Many of his books engage his degree in zoology, medical-school training, and his passion for nature and the creatures who share this world. For the last 22 years, he’s lived on 100 forested acres in the foothills of the Appalachians, east of Columbus, Ohio, where he spent most of his life. Workman Publishing released three volumes of heavily researched writing: his comprehensive, go-to-handbook, My Dog! A Kids’ Guide to Keeping a Happy, Healthy Dog; his eco-wise guide to freshwater fishing, Kids’ Book of Fishing; and The 60-Second Encyclopedia, a witty fact- and math-packed compendium of minute-measurements that come from nearly every subject area. Candlewick published four volumes of jos haiku with natural-history endnotes on birds, on cats, on dogs, and on horses. His latest book from Doubleday, In the Quiet, NOISY Woods, is a cumulative sound narrative of eight creatures who share his acres.
Fifteen of his books including SPEAK!, Down to Earth, and The Greatest Table (Harcourt), and Home (HarperCollins) were created with the generosity of hundreds of the country’s best-known illustrators, photographers, authors, and cartoonists as creative philanthropy. Along with several adult books, profits from these collections benefitted Share Our Strength’s work to end childhood hunger and a granting program Rosen created, The Company of Animals Fund, that awarded over $375,000 to 100 animal-welfare organizations.
Among the many distinguished citations his work have received are:
• The Sydney Taylor Book Award from the Association of Jewish Libraries for Chanukah Lights. (Candlewick)
• The inaugural Simon Wiesenthal Museum of Tolerance Once Upon a World Book Award for the best children’s book that promotes diversity and tolerance for A School for Pompey Walker. (Harcourt) This is a book-length, first-person narrative based on the true story of a man who repeatedly sold himself into and escaped from slavery in order to build a school for children in Ohio.

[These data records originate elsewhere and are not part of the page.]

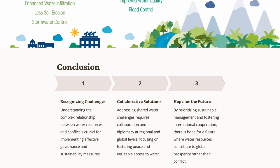In conclusion, recognizing challenges means understanding the complex relationship between water resources and conflict, which is crucial for implementing effective governance and sustainably managing water resources. Collaborative solutions can be achieved when non-profit organizations, governments, and other entities come together. Hope for a better future lies in conservation — that is the key we need to adopt.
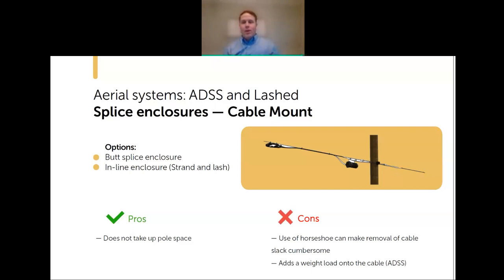On ADSS you can still mount a horseshoe on the cable, but remember: ADSS is self-supporting and engineered specifically for your span lengths and load ratings. Adding the weight of an enclosure is probably not enough to damage the cable, but at NCAB we prefer to err on the side of caution. Also, with ADSS in the power zone, getting up to remove the enclosure from the horseshoe and unwinding the cable can be cumbersome, compared to having everything on the pole where you can unwind and drop down much more easily.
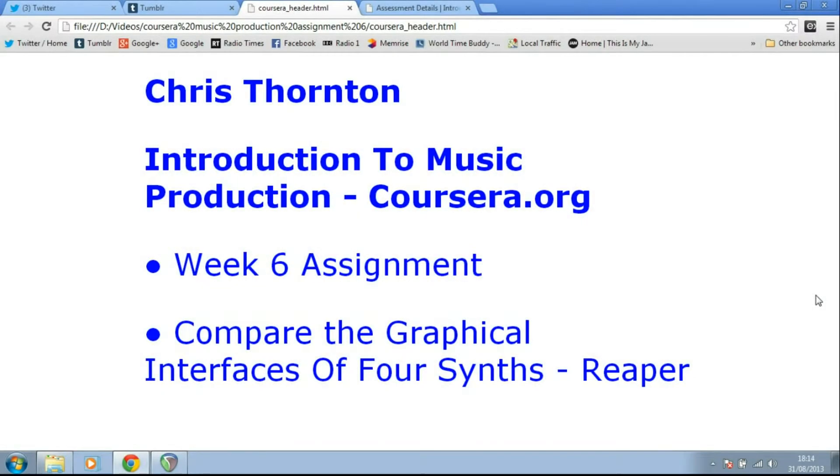Hey everyone, my name's Chris Thornton and this is my week six assignment for the Introduction to Music Production course on Coursera.org, run by Berklee College of Music.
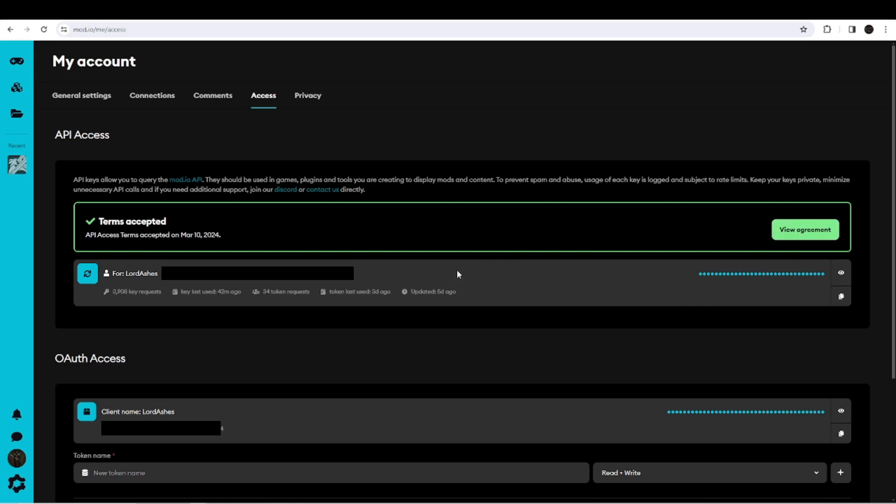Most likely, you will have some kind of button here that says 'Request Token' or something like that. When you click that, you should get your token pretty well right away.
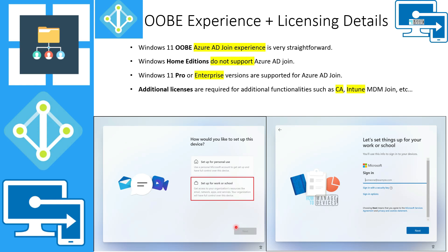This is the OOBE (out-of-box) experience. If Windows 11 is newly installed on your device, this is the startup screen you will see. Select 'Setup for Work or School' to join Azure Active Directory manually, then enter your username and password — it is a very straightforward process. Regarding licensing: Windows Home editions do not support Azure AD join, only Azure AD registration for personal use. Windows 11 Pro or Enterprise versions are required for Azure AD join. Additional licensing is needed for conditional access and auto enrollment into Intune.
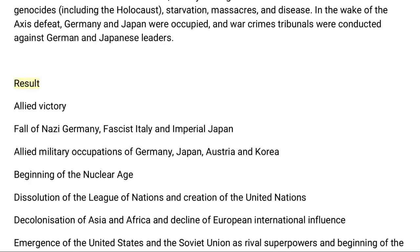World War II lasted from 1939 to 1945. It involved the vast majority of the world's countries, including all of the great powers, forming two opposing military alliances: the Allies and the Axis powers. In a total war directly involving more than 100 million personnel from more than 30 countries, the major participants threw their entire economic, industrial, and scientific capabilities behind the war effort, blurring the distinction between civilian and military resources.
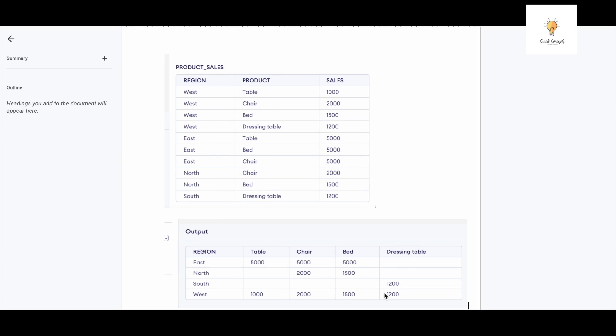Hello everyone, welcome back to another video on Crack Concepts. In today's video we will be discussing how we can convert rows into columns in SQL.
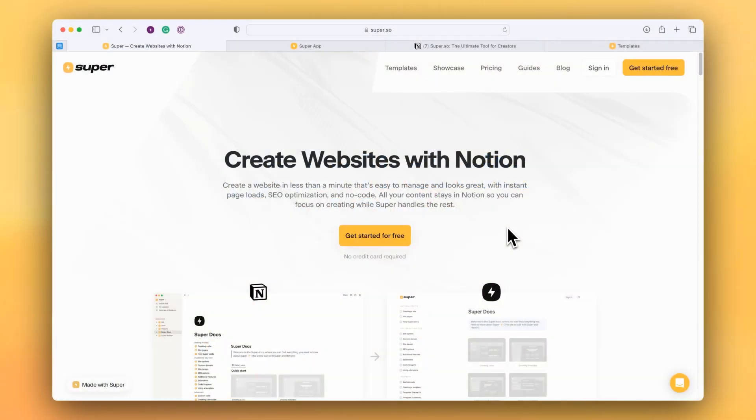Hi and welcome to Super. My name's Cam. I'm going to step you through the process of creating a Super website using Notion as the content management system.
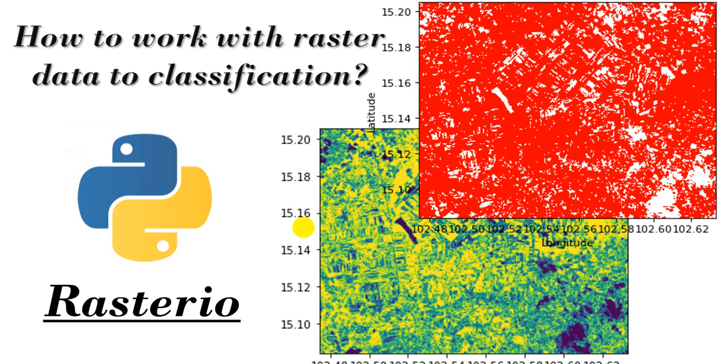Hello everyone, welcome back to my channel. Today I would like to show you how to work on dealing with raster data for classification.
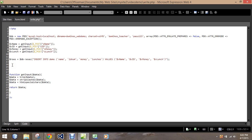I'm first going to demonstrate how to print out the information without any organizational structure. And then we're going to use HTML to clean it up a little bit. To print it out with no structure, it's actually pretty simple.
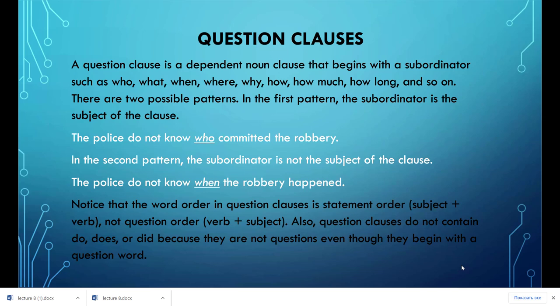A question clause is a dependent noun clause that begins with a subordinator such as who, what, when, where, why, how, how much, how long, and so on. There are two possible patterns. In the first pattern, the subordinator is the subject of the clause — for example: 'The police do not know who committed the robbery.' In the second pattern, the subordinator is not the subject of the clause — for example: 'The police do not know when the robbery happened.'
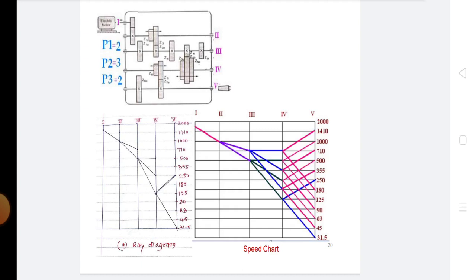Starting with n minimum, mark the successive spindle speeds and corresponding motor speed on horizontal lines from bottom to top. The number of horizontal lines depends on whether the motor speed n_m is less than n_max or n_m is greater than n_max, where n_m is the motor speed. This is very important for drawing the speed diagram.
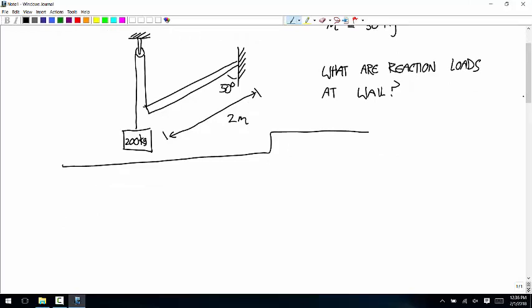Doing these problems right, the biggest part of it is just knowing how to treat the joints. To jog your memories, the way you think through what loads are applied by a joint: you think about what degrees of freedom are removed by the joint. Does the joint remove translation along the x-axis, translation along the y-axis, rotation? Those are the only three degrees of freedom in two-dimensional problems.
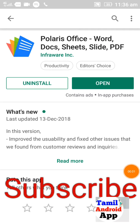Hi friends, Documents Edit is one of the first applications I will tell you about in this video. Like, share, subscribe.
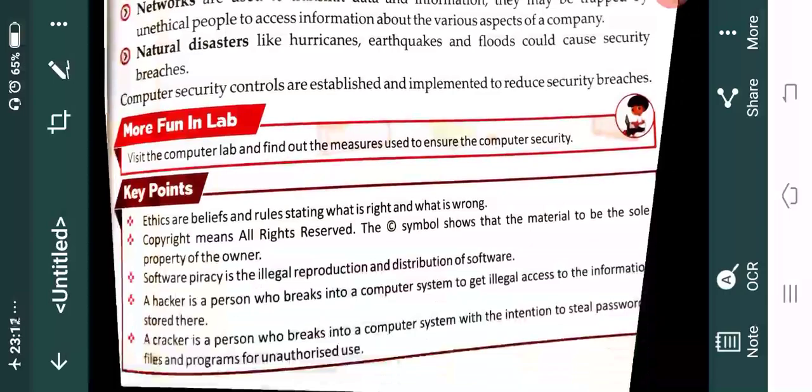A cracker always cracks passwords or steals information with some bad intention, or with the intention of causing harm to an individual or organization. A hacker, at times, could just be a person who is doing it for fun — they feel good doing it and don't have malicious intentions. But hackers are also considered illegal and unethical. Both hackers and crackers are not permitted according to computer security, and they both are breaching computer security.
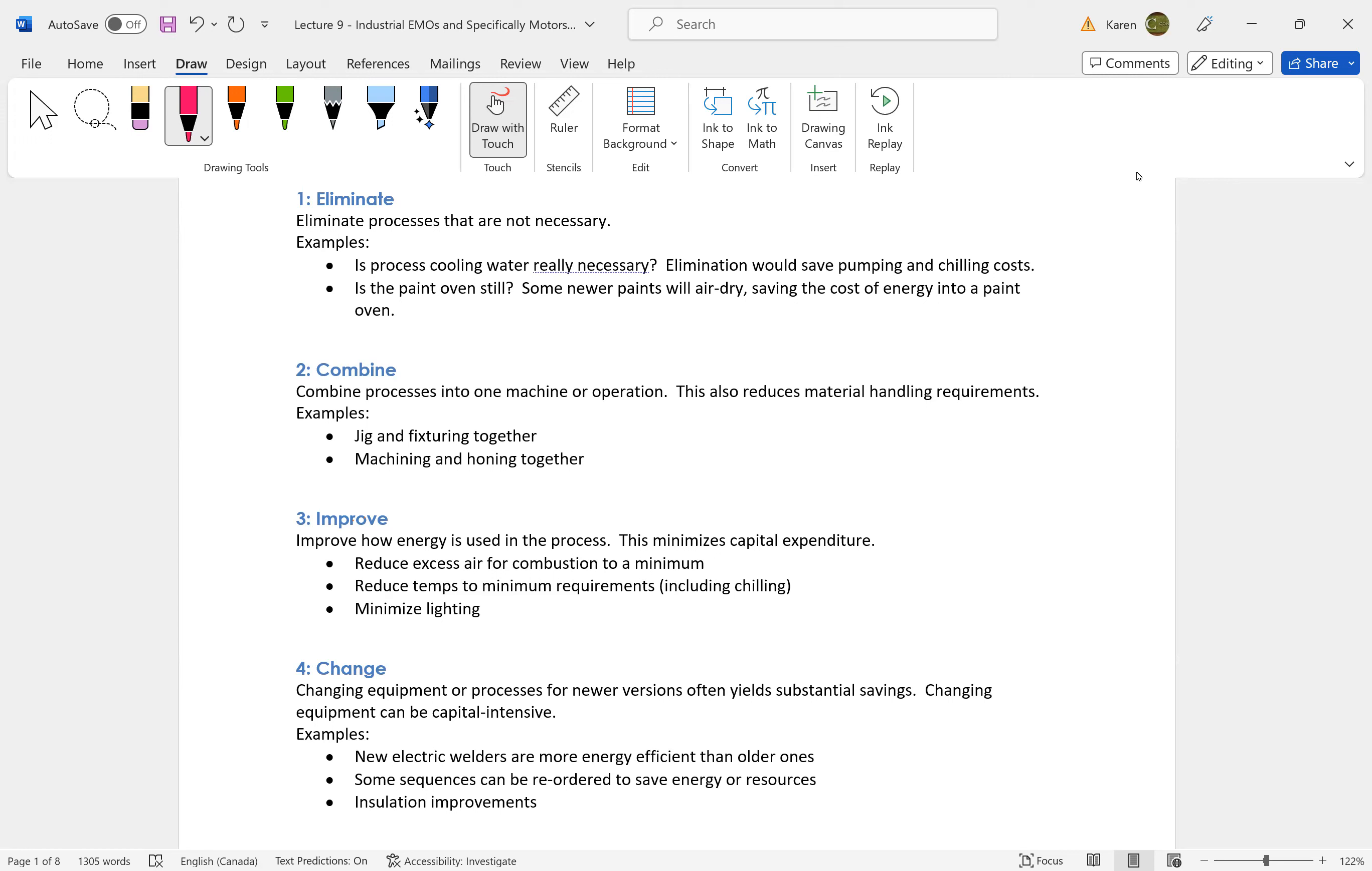We are not going to buy a new boiler if we haven't improved how the energy is used in the process. For example, we haven't improved the building envelope, for example. If we have not eliminated things that are not necessary.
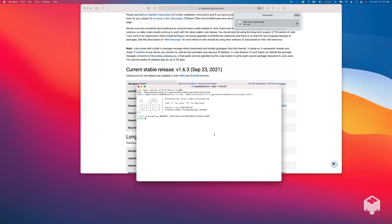And boom, we have Julia installed. So we can do something really quick like print. Hello world. And there we go.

• The Ohioana Library Career Citation awarded by the state of Ohio.
• The National Jewish Book Award for Elijah’s Angel, a picture book based on Rosen’s friendship with the renowned folk artist Elijah Pierce.
• Share Our Strength’s first lifetime achievement away for his creative and devotion to ending childhood hunger in America.
Several of his books have been Junior Library Guild featured selections and Scholastic Book Club picks, while others have been featured as “Best Books of the Year” by Kirkus, CCBC, Bank Street Books, Hungry Mind Review, Essence, The Today Show, The Horn Book, Miami Herald, and the ASPCA. His works have been adapted as a PBS documentary (“Our Farm: Four Seasons with Five Kids on One Family Farm”); a family opera (composer Robert Kapilow’s “Elijah’s Angel”); and a short film (director Christopher Rowley’s “The Remembering Movies”).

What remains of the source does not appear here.